Штурм бездны: Море - Дмитрий Валентинович Янковский
Нового взрыва все не было.
– Платформа двухшахтовая, – сообразил я. – У нее кончились ракеты. Или она раньше их отстреляла, и не успела вырастить новые.
– Сорок пять секунд!
Я сжал губы.
– Шестьдесят! – Вершинский кнопкой остановил ход секундомера. – Вперед! Отстрелялась тварь!
Он потянул рычаг привода на себя, дал ход турбинам, и заложил над гребнем Горы Циклопов эффектный вираж с легким креном. Мы вырвались на оперативный простор.
Глава 6. «ПРИКРОЙ, АТАКУЮ!»
Вершинский поднял гравилет выше. Земля, похожая на лоскутное одеяло, мелькала проеме люка, подернутая белесой дымкой от догоравшей сухой травы у дороги. Но вместо того, чтобы устремить машину к нашему поселку, Вершинский продолжил дугу и ушел с нужного курса.
– Теперь можем смело маневрировать по высоте, – сообщил Вершинский. – Но нам понадобится еще один гравилет.
– Что? – я всполошился.
– Что слышал, салага. Я не смогу эффективно управлять боевой машиной, когда на борту раненная. Поэтому ты останешься в кабине этого гравилета, а я пересяду в один из тех, что сейчас уходят по ветру на восток.
– Но я управлять не умею!
– Тебе и не надо. Будешь аккуратно маневрировать и создавать видимость боевого присутствия. Дам команду, начнешь стрелять. Только не по людям, дьявол бы забрал вашего Дохтера.

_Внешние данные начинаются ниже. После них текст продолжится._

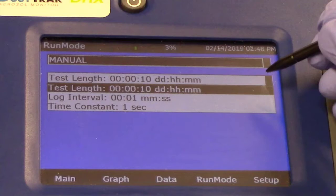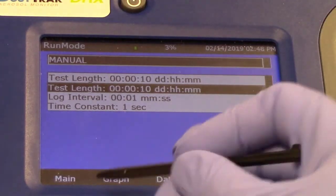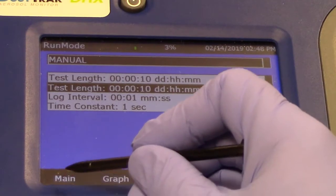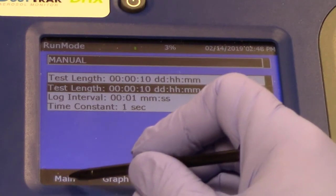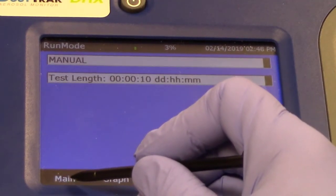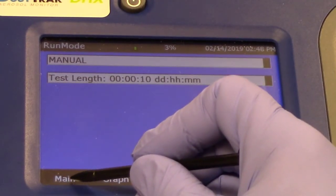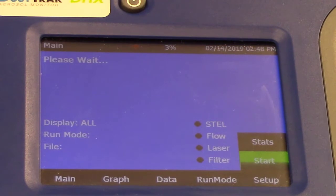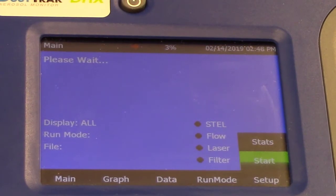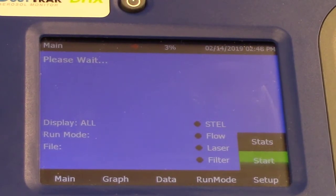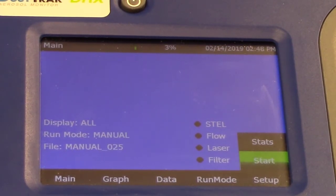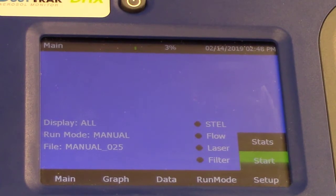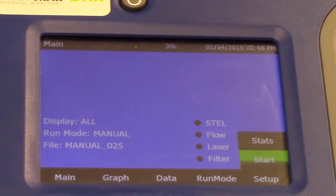As you can see on the screen, there is a test length, a log interval and a time constant. Time constant is the time across which the data will be averaged. Once those are done, you can hit start to start taking the measurements.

Он подтянул рычаг, и мы начали быстро набирать высоту. У меня дух захватило и защекотало глубоко в животе.
– Сюда полезай! – приказал Вершинский.
Я перебрался из десантного отсека в кресло второго пилота, ощущая, как заложило уши от перепада давлений.
– Вот это сектор тяги турбин, – показал Вершинский на два рычага. – Две ручки, правая турбина и левая. Вперед больше ходу, назад меньше. Аккуратно с ними. Это понятно?
– Да.
– Разность тяги турбин для поворота вокруг оси можно более точно задавать педалями. Давишь левую, нос машины уходит вправо, давишь правую, наоборот. Ходом ручки вперед и назад изменяешь тангаж и чуть меняешь тягу привода. Наклоняешь ручку вперед, гравилет уходит в пикирование, тянешь на себя, полого взмываешь с тангажем на хвост. Ручка влево, гравилет дает крен влево, и с этим креном боком уходит влево. Вправо, соответственно, наоборот. Этого тебе хватит, – под конец заявил Вершинский. – И надень гарнитуру, я организую связь.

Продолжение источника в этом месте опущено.